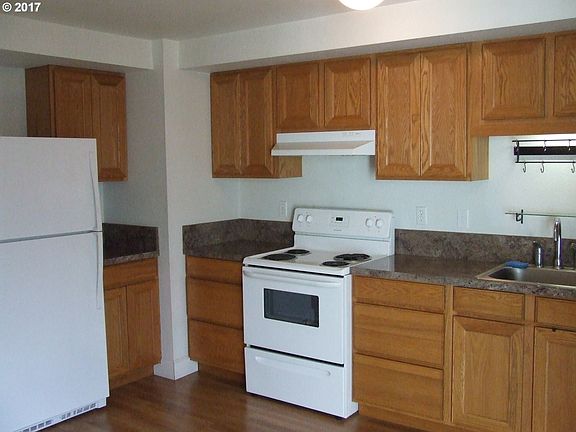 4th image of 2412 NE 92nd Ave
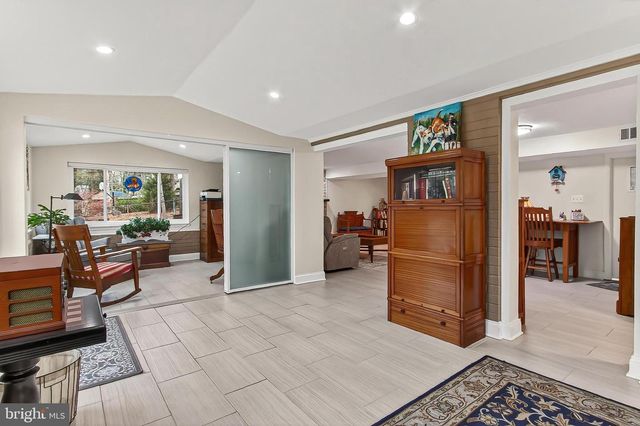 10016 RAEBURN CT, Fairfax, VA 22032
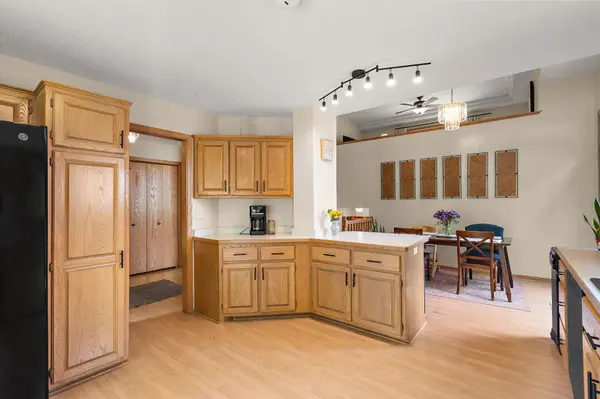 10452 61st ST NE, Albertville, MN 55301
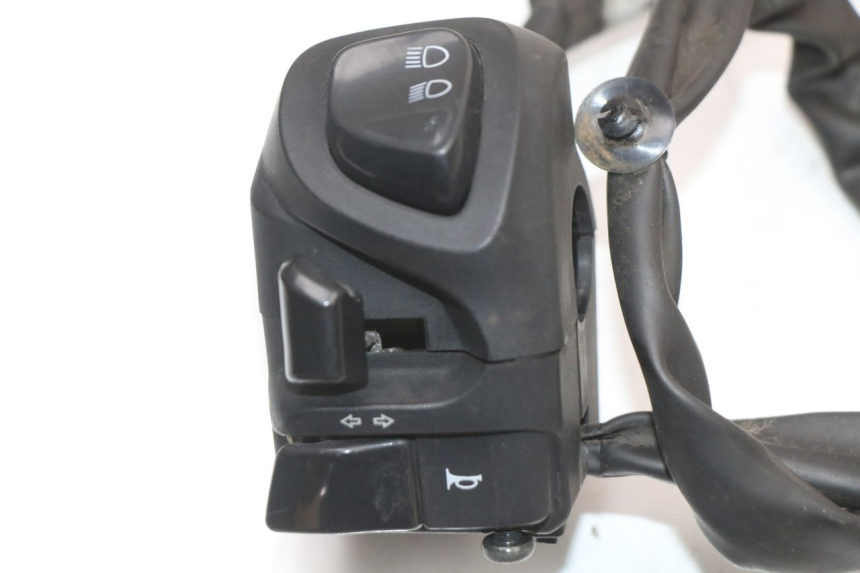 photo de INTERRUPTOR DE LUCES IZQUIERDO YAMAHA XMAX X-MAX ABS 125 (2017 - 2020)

========================================

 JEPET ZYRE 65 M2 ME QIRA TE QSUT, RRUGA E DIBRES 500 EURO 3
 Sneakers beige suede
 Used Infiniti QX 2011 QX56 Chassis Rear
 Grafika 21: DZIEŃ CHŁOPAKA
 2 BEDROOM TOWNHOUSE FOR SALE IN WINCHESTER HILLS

========================================

> PROBLEM TO SOLVE:
For this exercise, repeat exactly the lines of the data above from the one with "Used Infiniti QX 2011 QX56 Chassis Rear" down to the one with "2 BEDROOM TOWNHOUSE", both end lines included.

> EXPECTED ANSWER:
 Used Infiniti QX 2011 QX56 Chassis Rear
 Grafika 21: DZIEŃ CHŁOPAKA
 2 BEDROOM TOWNHOUSE FOR SALE IN WINCHESTER HILLS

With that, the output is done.